I think Rip and Sheed need to have big nights tonight.


----------



## jvanbusk (Jun 9, 2002)

Oh yeah, Let's Go Blue! 

7-2


----------



## jvanbusk (Jun 9, 2002)

What's this horror movie crap?

:laugh:


----------



## DetBNyce (Jul 23, 2002)

I guaransheed a victory.

Whoever put that intro together should be fired ASAP.


----------



## DetBNyce (Jul 23, 2002)

Could we come out any flatter offensively? We can't make a simple post entry pass.


----------



## jvanbusk (Jun 9, 2002)

Reggie T'ed up!


----------



## DetBNyce (Jul 23, 2002)

Fast break points are always good... good pass by Tay and finish by Sheed.


----------



## DetBNyce (Jul 23, 2002)

That was a flagrant foul. it didn't look violent, but Jax didn't try to make a play on the ball.


----------



## jvanbusk (Jun 9, 2002)

> Originally posted by <b>DetBNyce</b>!
> That was a flagrant foul. it didn't look violent, but Jax didn't try to make a play on the ball.


I agree.

Tayshaun with another transition hoop. The Pacers have been lazy getting back, we should continue to try to exploit that.


----------



## DetBNyce (Jul 23, 2002)

Oh yeah, Go Green, Go White!

16-11


----------



## PacersguyUSA (Sep 1, 2002)

> Originally posted by <b>DetBNyce</b>!
> That was a flagrant foul. it didn't look violent, but Jax didn't try to make a play on the ball.


 

He went of the ball but was about .5 seconds too late.


----------



## DetBNyce (Jul 23, 2002)

> Originally posted by <b>PacersguyUSA</b>!
> 
> 
> 
> ...


Can't understand Pacer talk...

The fastbreak is looking good tonight.


----------



## jvanbusk (Jun 9, 2002)

Turnovers.


----------



## JustinSane (May 26, 2003)

When Tayshaun plays like this, the Pistons usually win. Great pass by Arroyo.


----------



## jvanbusk (Jun 9, 2002)

How about Ronald Dupree with the buzzer beater....

basketballboards.net:

New server, please?


----------



## JustinSane (May 26, 2003)

Edit: double post, sorry!


----------



## DetBNyce (Jul 23, 2002)

The bench is starting to look great again. Lindsey will be the 9th different player to play tonight. Now that's Pistons basketball.
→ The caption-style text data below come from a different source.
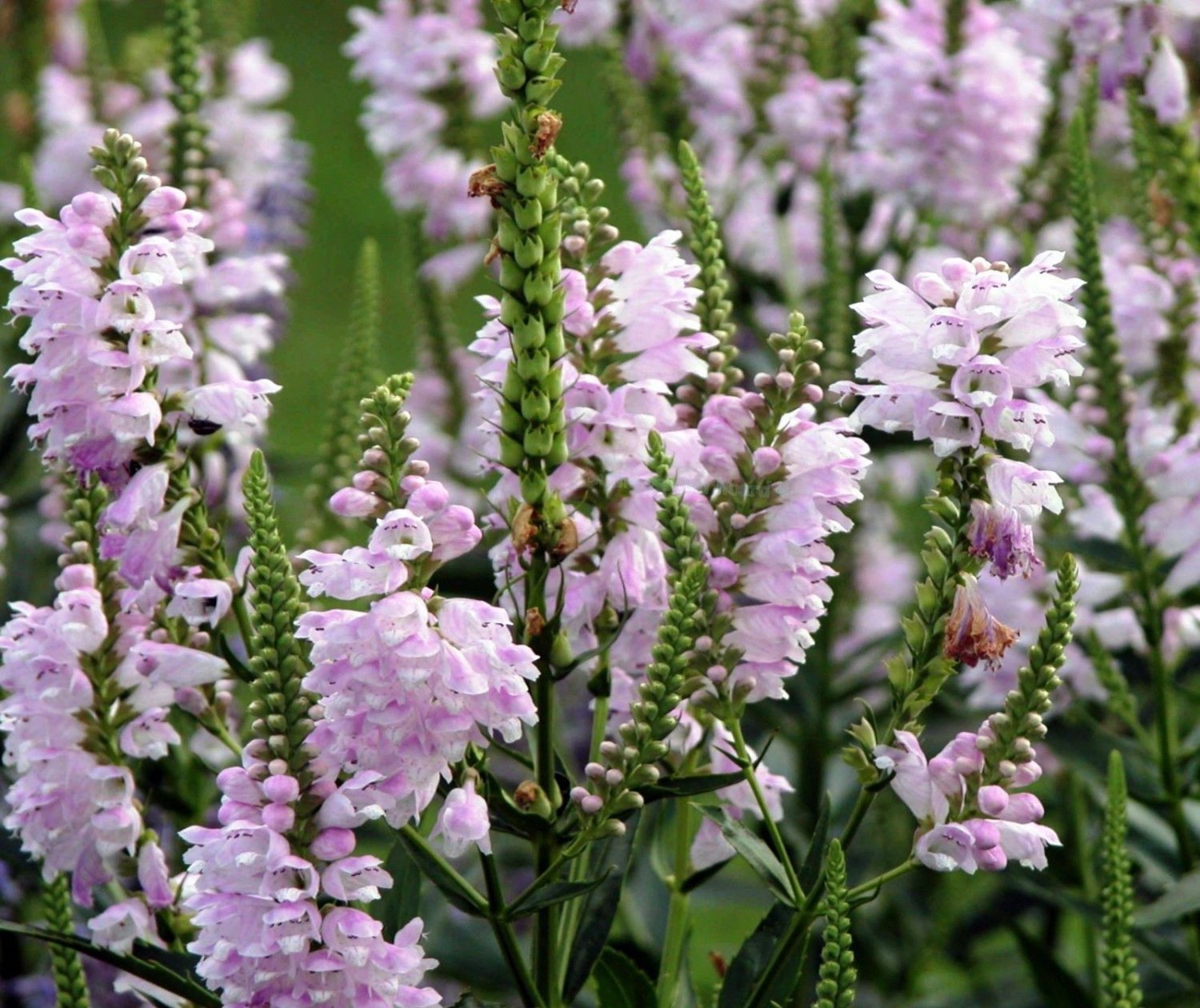 Физостегия виргинская (Physostegia virginiana)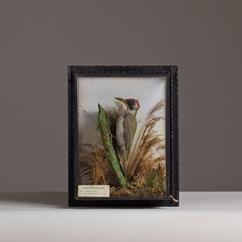 A Preserved Woodpecker Standing on a Tree Stump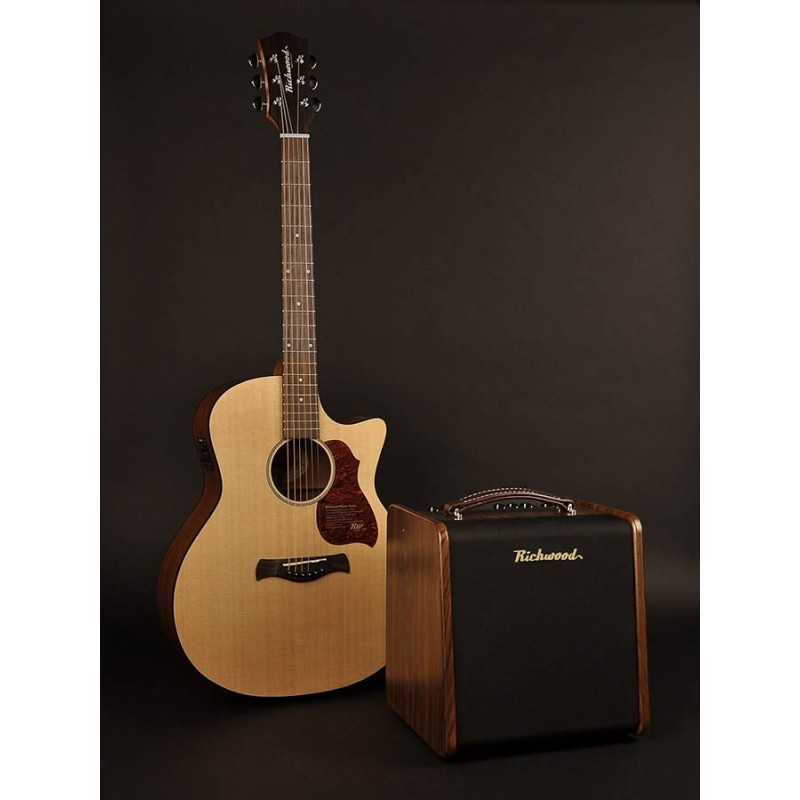 Amplifier Richwood RAC-50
We're getting easy buckets tonight. Whether it's by moving the ball or fast break points. We've lacked both up to this point in the season.


----------



## irishfury (Jun 8, 2003)

there you go larry rotate those players


----------



## Petey (Aug 23, 2002)

> Originally posted by <b>jvanbusk</b>!
> How about Ronald Dupree with the buzzer beater....
> 
> basketballboards.net:
> ...


We know, we are working on it buddy.

-Petey


----------



## jvanbusk (Jun 9, 2002)

I'm glad Tinsley is playing so far....

He's playing so out of control, it's not even funny. He's only listed as having 1 turnover, but if you count the wild shots he's thrown up then it would be 3.


----------



## PacersguyUSA (Sep 1, 2002)

> Originally posted by <b>jvanbusk</b>!
> I'm glad Tinsley is playing so far....
> 
> He's playing so out of control, it's not even funny. He's only listed as having 1 turnover, but if you count the wild shots he's thrown up then it would be 3.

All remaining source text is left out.